* [How to complete this task]: From the entries below, reproduce exactly the lines from the one with "Студийный свет Набор" through the one with "Volvo V60 Glow plug wires 31342467", both included, without images.

* [Data to use]:

# # # #

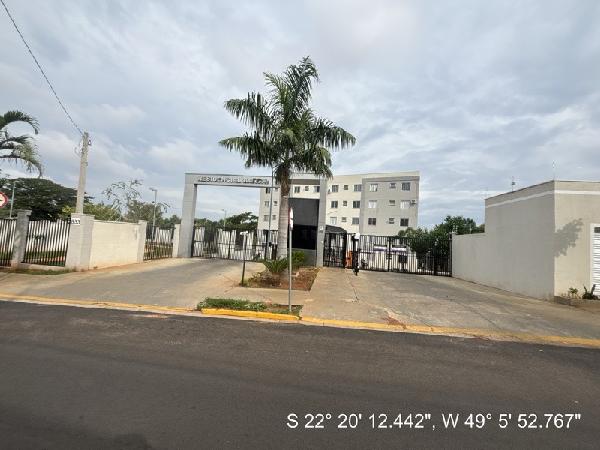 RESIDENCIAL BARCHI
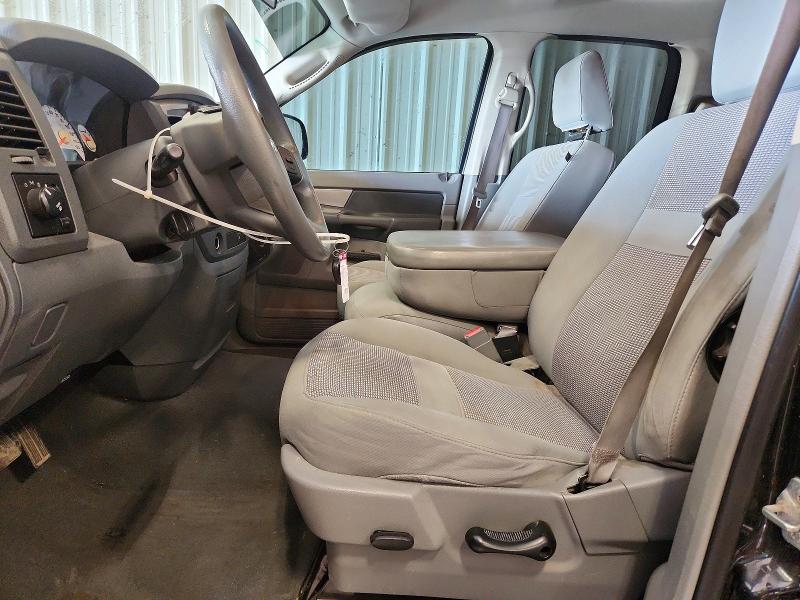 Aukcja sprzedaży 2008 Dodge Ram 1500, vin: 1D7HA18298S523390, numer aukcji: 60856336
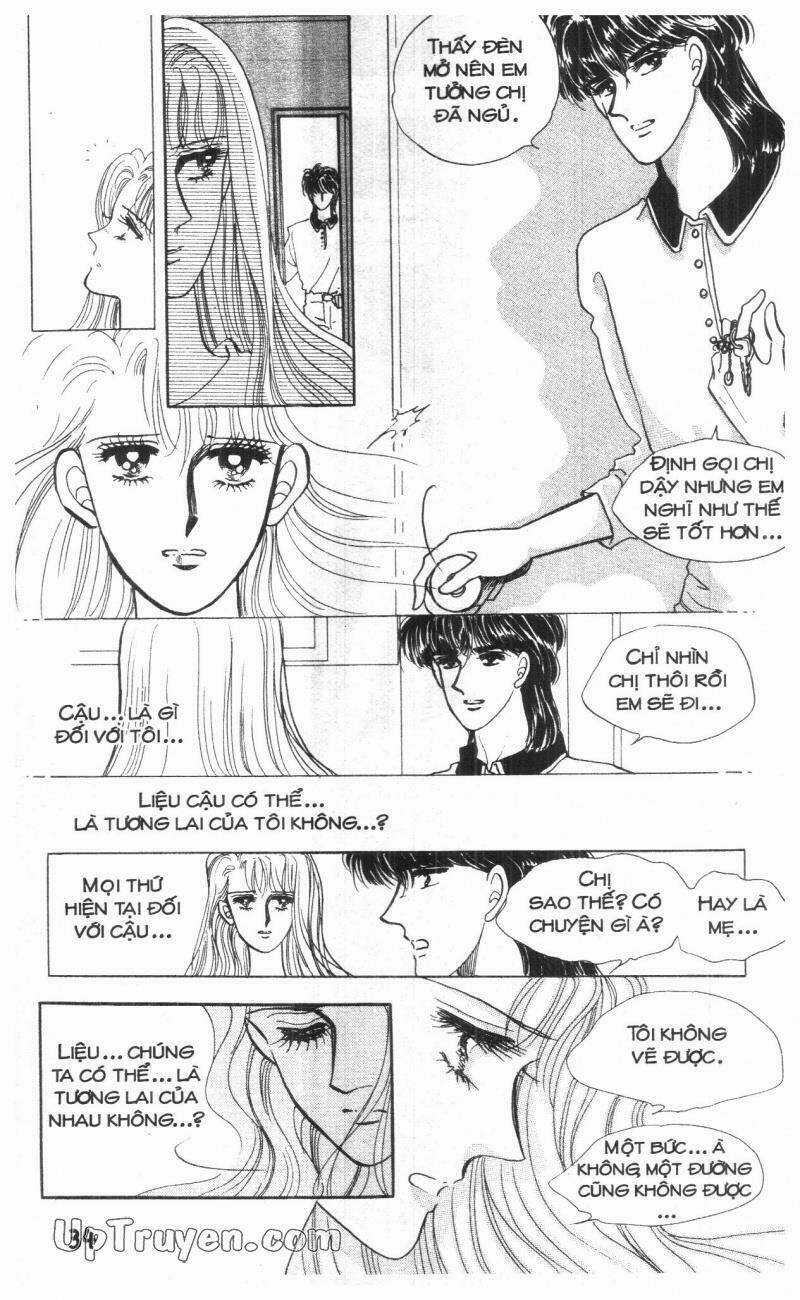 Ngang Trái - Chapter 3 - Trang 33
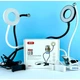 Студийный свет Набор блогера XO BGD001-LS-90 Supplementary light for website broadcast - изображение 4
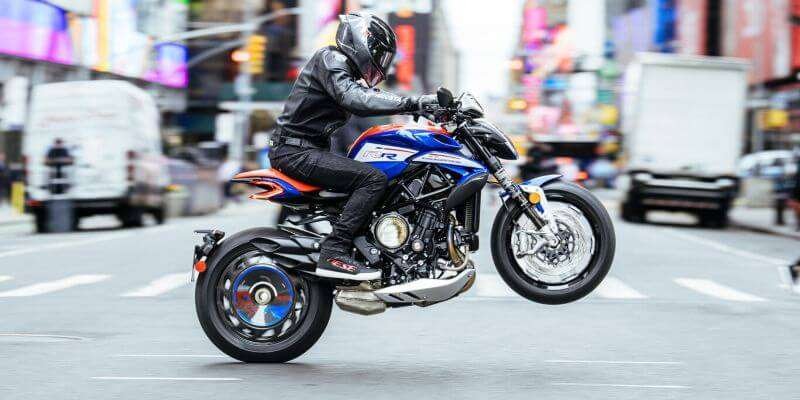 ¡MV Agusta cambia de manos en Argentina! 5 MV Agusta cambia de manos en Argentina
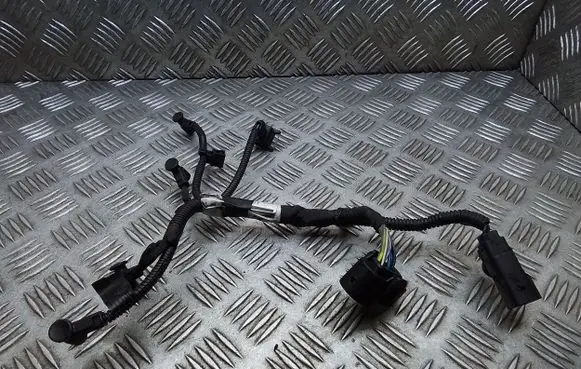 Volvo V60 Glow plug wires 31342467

# # # #

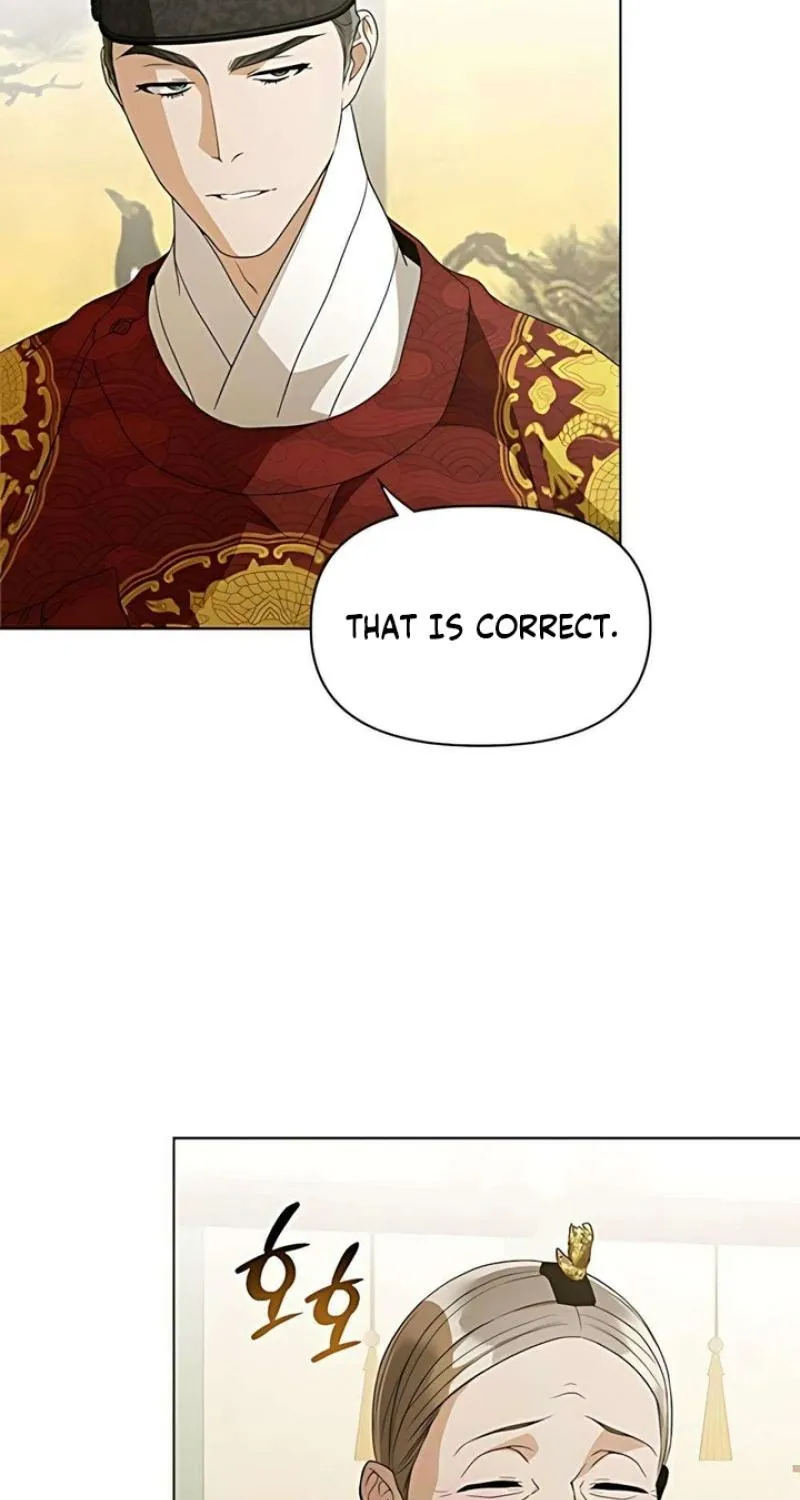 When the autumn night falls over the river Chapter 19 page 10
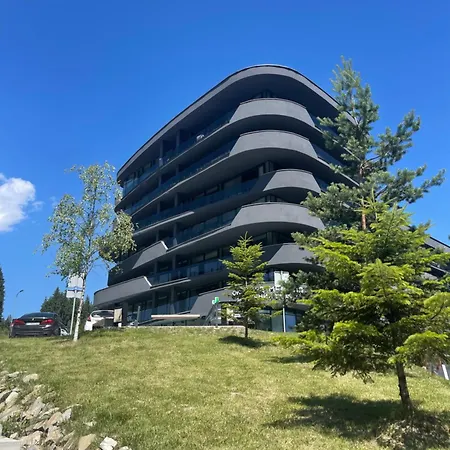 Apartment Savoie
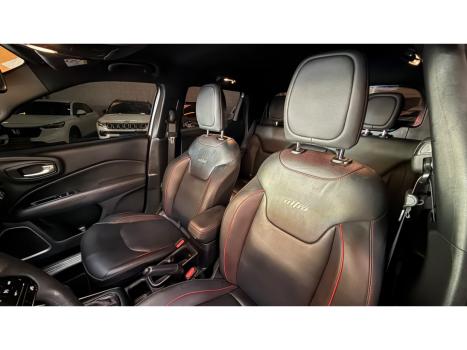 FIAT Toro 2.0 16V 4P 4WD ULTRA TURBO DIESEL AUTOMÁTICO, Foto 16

# # # #

* [Exercise result]:
 Студийный свет Набор блогера XO BGD001-LS-90 Supplementary light for website broadcast - изображение 4
 ¡MV Agusta cambia de manos en Argentina! 5 MV Agusta cambia de manos en Argentina
 Volvo V60 Glow plug wires 31342467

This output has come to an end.